There is no greater crucible in sports than baseball’s 162-game schedule, and the New York Yankees are running roughshod on their opponents this season. Today — and for the past two months — the Yankees have the best record in the game. At 64-30 they have a comfortable twelve-game lead in the American League East and are all but assured of winning the deepest division in baseball and advancing to the playoffs. All season long, they’ve just been better than anyone else.
Anyone else but the Houston Astros.
The Yankees and Astros completed their regular season series last night, with the Astros sweeping a double header in Houston and beating the Yankees for the fifth time in seven games.
Were it not for Aaron Judge and his walk-off heroics that saved two games in New York, the Yankees would have lost all seven contests with the Astros. In fact, those two swings by Judge were the only moments in a week’s worth of games against their arch rivals (sorry, Red Sox) that the Yankees enjoyed a lead. It’s been that bleak. (Judge did his best to rescue his team again on Thursday night, rocking a massive three-run homer to left to cut a five-run lead to two, but it wasn’t quite enough.)

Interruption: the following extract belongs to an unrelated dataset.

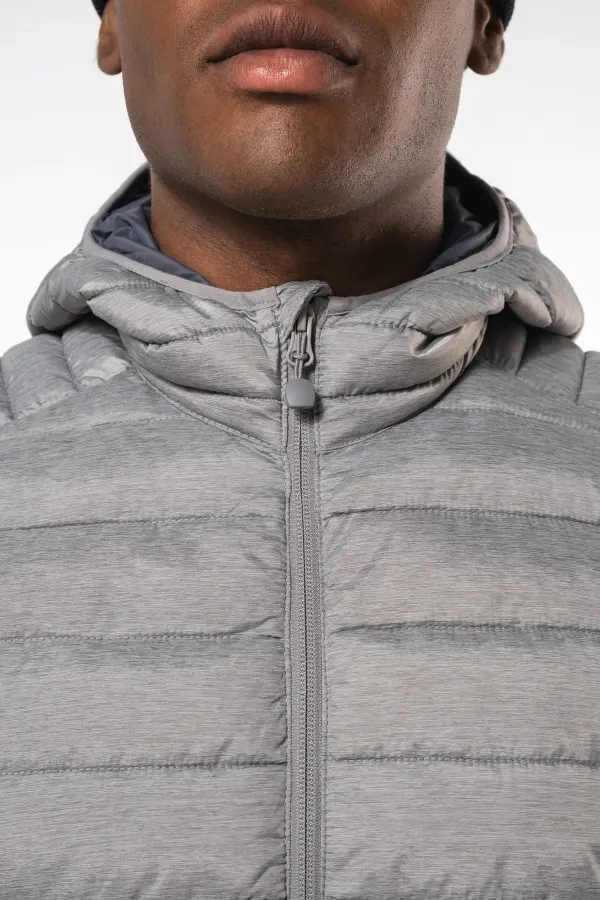 Doudoune légère capuche homme porté — vue 3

The mightiest offense in baseball was repeatedly humbled by Houston pitching. The Astros threw a combined no-hitter against them in New York and opened the following game with six more hitless innings, and Houston pitchers, both starters and bullpen, were generally in control in all seven games. The Yankees scored 22 runs in seven games, including a disturbing two runs or fewer in four of the seven.
Not surprisingly, acorns are falling on everyone’s heads. Should the Yankees fall into mediocrity and go 36-32 the rest of the way, they’ll still finish with 100 wins and a division crown, but there are those who will tell you that the season is over. That this team cannot beat the Astros.
I understand this point of view because I carry the same scars you do, but regardless of what happened in this year’s seven-game sample, I’m comfortable saying that right now the Yankees of 2022 are better than the versions that watched their seasons end at the hands of the Astros in 2017 and 2019, and that the Astros of 2022 are weaker. If Brian Cashman decides to spend some capital to add Luís Castillo or gut the farm system to land Juan Sóto, the Yankee advantage over the Astros will only widen.
Let me say this again — the Yankees are better than the Astros. If you refuse to believe this because of that 2-5 season record or because of how listless the Yankees looked in so many of those games, I’ll ask if you also believe that the Cincinnati Reds (who handled the Yankees last week) are better than the 64-30 Bronx Bombers.
Yes, the seven games against the Astros were difficult, but sometimes baseball is like that. Everything’s going to be okay.